━━ Record extracts ━━

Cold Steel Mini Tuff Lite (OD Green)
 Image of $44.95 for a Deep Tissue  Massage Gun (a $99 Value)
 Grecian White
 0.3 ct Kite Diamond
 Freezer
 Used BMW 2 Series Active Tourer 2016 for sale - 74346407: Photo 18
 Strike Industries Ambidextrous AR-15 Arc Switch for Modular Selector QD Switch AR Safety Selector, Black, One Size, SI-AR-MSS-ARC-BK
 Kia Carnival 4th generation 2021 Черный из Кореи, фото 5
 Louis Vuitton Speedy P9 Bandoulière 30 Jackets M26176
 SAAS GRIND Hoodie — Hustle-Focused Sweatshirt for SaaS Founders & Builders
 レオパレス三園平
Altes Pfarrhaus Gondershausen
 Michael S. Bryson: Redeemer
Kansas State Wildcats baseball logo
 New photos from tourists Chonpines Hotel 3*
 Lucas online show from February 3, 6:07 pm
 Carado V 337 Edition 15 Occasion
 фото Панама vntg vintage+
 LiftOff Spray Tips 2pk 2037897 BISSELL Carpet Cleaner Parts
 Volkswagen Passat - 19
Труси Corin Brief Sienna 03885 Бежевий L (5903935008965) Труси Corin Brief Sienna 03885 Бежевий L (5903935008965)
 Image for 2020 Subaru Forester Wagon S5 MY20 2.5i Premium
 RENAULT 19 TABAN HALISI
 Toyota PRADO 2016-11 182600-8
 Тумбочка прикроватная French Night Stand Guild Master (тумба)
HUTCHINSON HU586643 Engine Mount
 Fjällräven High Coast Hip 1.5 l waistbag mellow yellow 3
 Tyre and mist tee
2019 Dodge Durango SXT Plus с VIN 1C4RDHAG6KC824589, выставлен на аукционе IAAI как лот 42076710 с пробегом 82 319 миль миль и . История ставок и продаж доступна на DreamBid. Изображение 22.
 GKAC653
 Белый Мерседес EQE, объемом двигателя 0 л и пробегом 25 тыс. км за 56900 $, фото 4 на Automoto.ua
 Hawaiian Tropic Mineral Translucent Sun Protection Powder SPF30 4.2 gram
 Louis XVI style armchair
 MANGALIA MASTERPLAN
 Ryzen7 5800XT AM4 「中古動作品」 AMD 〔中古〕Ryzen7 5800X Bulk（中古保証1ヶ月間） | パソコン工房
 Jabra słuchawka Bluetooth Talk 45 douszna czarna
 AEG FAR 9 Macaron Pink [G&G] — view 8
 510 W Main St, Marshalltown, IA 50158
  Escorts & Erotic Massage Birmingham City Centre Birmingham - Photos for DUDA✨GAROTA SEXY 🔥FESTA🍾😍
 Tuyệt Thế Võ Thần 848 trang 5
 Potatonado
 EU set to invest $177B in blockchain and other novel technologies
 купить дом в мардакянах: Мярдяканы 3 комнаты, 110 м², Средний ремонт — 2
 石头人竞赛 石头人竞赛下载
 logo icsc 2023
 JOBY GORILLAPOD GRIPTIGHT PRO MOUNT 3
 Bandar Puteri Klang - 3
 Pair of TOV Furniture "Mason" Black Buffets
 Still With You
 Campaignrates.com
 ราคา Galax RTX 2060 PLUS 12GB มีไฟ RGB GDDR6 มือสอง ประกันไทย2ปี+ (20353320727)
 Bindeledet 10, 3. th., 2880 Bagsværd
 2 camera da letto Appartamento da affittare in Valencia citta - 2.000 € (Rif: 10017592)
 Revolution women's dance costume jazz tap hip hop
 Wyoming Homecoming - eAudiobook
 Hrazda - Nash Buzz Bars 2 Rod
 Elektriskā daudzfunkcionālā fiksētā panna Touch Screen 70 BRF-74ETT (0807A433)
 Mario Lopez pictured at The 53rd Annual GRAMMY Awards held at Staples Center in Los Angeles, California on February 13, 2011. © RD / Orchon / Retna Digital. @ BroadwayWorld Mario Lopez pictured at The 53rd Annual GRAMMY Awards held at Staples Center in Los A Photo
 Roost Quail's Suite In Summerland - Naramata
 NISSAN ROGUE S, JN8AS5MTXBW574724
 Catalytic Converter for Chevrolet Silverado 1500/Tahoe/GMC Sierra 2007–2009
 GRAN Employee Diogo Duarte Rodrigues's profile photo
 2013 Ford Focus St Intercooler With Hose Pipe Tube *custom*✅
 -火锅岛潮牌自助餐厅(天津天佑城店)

━━━

- **Work task**
Could you write out, exactly as they stand, only the lines above that begin at the line with "0.3 ct Kite Diamond" and stop after the line with "Kia Carnival 4th"?

- **Response for this exercise**
 0.3 ct Kite Diamond
 Freezer
 Used BMW 2 Series Active Tourer 2016 for sale - 74346407: Photo 18
 Strike Industries Ambidextrous AR-15 Arc Switch for Modular Selector QD Switch AR Safety Selector, Black, One Size, SI-AR-MSS-ARC-BK
 Kia Carnival 4th generation 2021 Черный из Кореи, фото 5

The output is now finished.